Ben Bernanke 2002: We Need You

A Benjamin Cole post

“In practice, the effectiveness of anti-deflation policy could be significantly enhanced by cooperation between the monetary and fiscal authorities. A broad-based tax cut, for example, accommodated by a program of open-market purchases to alleviate any tendency for interest rates to increase, would almost certainly be an effective stimulant to consumption and hence to prices…A money-financed tax cut is essentially equivalent to Milton Friedman’s famous ‘helicopter drop’ of money.” Ben Bernanke-2002

I have plugged for QE-offset or -financed tax cuts for a long time. I did not know that former Fed Chairman and now multi-millionaire consultant Ben Bernanke also explicitly believed in the same thing. (My favorite is a FICA tax holiday, offset by $80 billion a month of Fed bond buying, and the purchased bonds placed in the Social Security and Medicare trust funds).

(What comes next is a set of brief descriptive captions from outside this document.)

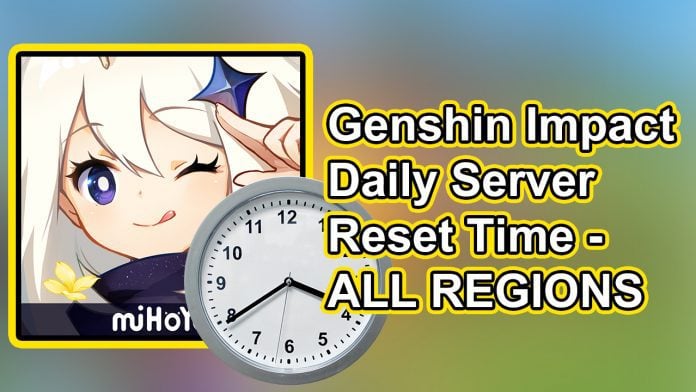Genshin Impact Server Time Daily Reset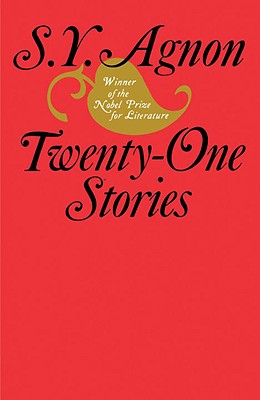 Twenty-One Stories - Agnon, S Y, and Glatzer, Nahum N (Editor), and Kozodoy, Neal (Translated by)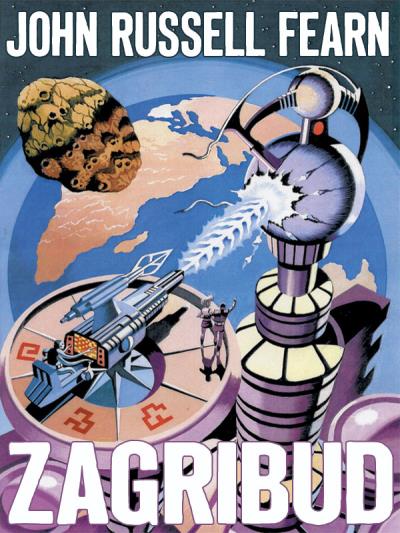 Книга Zagribud: A Classic Space Opera (John Russell Fearn)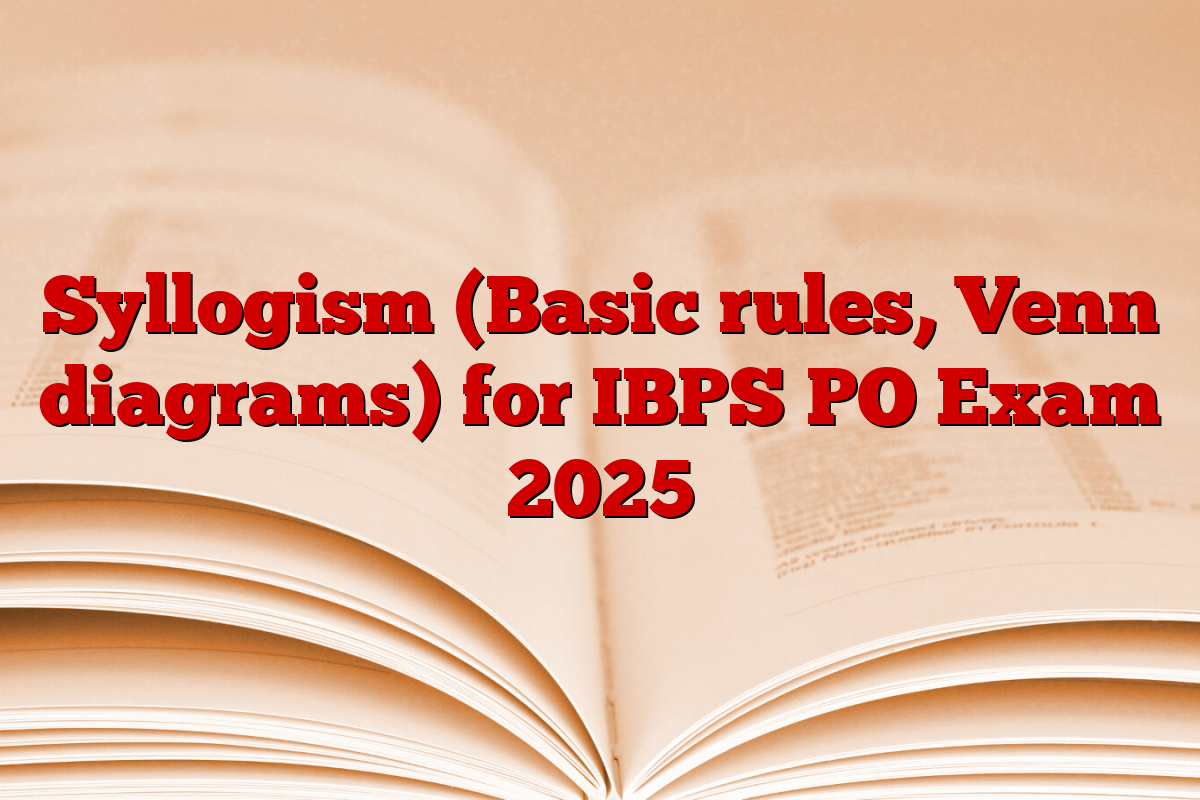 Syllogism (Basic rules, Venn diagrams) for IBPS PO Exam 2025 Syllogism (Basic rules, Venn diagrams) for IBPS PO Exam 2025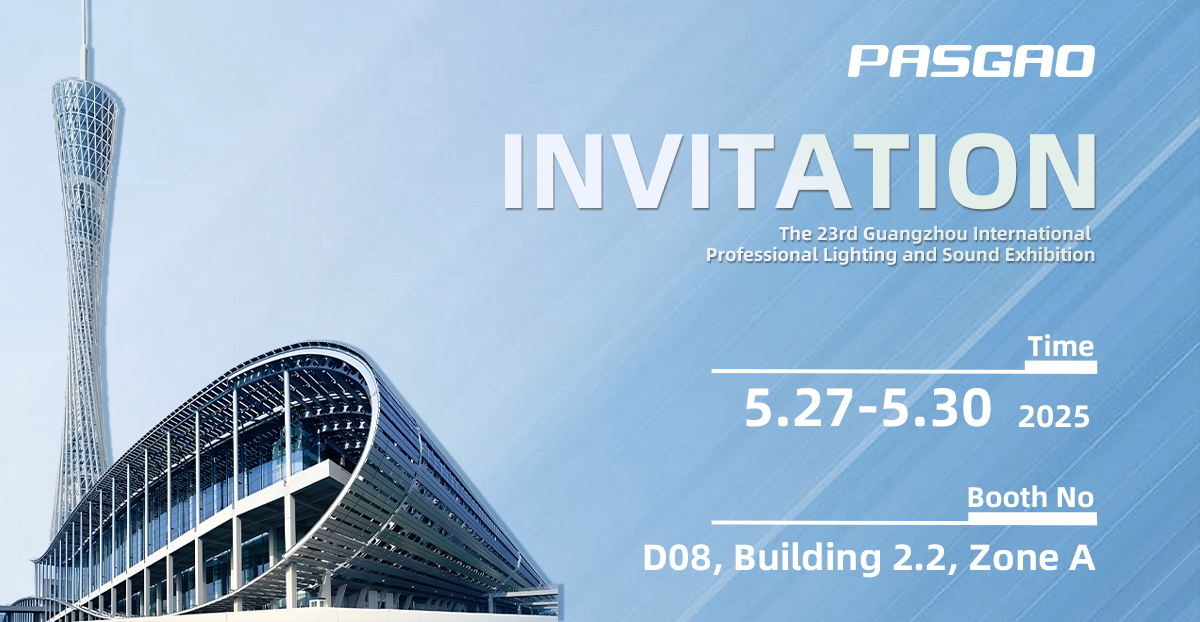 Pasgao cordially invites you to participate in the 23rd Guangzhou International Professional Lighting and Sound Exhibition in 2025 Pasgao cordially invites you to participate in the 23rd Guangzhou International Professional Lighting and Sound Exhibition in 2025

Today in the U.S. we have a sluggish economy marked by weak hiring and below-target inflation (a target that is too low anyway). We are a recession away from stumbling deep into ZLB-land, from which no modern nation yet has ever returned.

Bernanke 2002, we need you.

Greece

The situation in Greece, of course, is far worse. There, unemployment is about 25%, married to deflation. Whoever deserves blame, the point is Europe and Greek leadership are wrecking a nation and promoting extremism.  (I salute the Greek people for eschewing most hate groups. But for how long?)

The ECB-IMF is screaming for a Greek balanced budget. The Greeks are evidently incapable of that (like Americans, btw).

Obviously, Greece should exit the EU-ECB, hold the line on spending as much as possible, and print money to balance their budget. In a sense, money-financed tax cuts, just of the sort Ben Bernanke has advised for deflations. Set taxes at 100% of outlays, and then grant a 10% tax cut.

The pinch-faced money ascetics are, in general, a comfortable lot eager for others to belt-tighten.

But the Greek people are one-quarter unemployed. They need a macroeconomic policy that gets them back to full employment, with robust economic growth.

If not my way, then what have you got?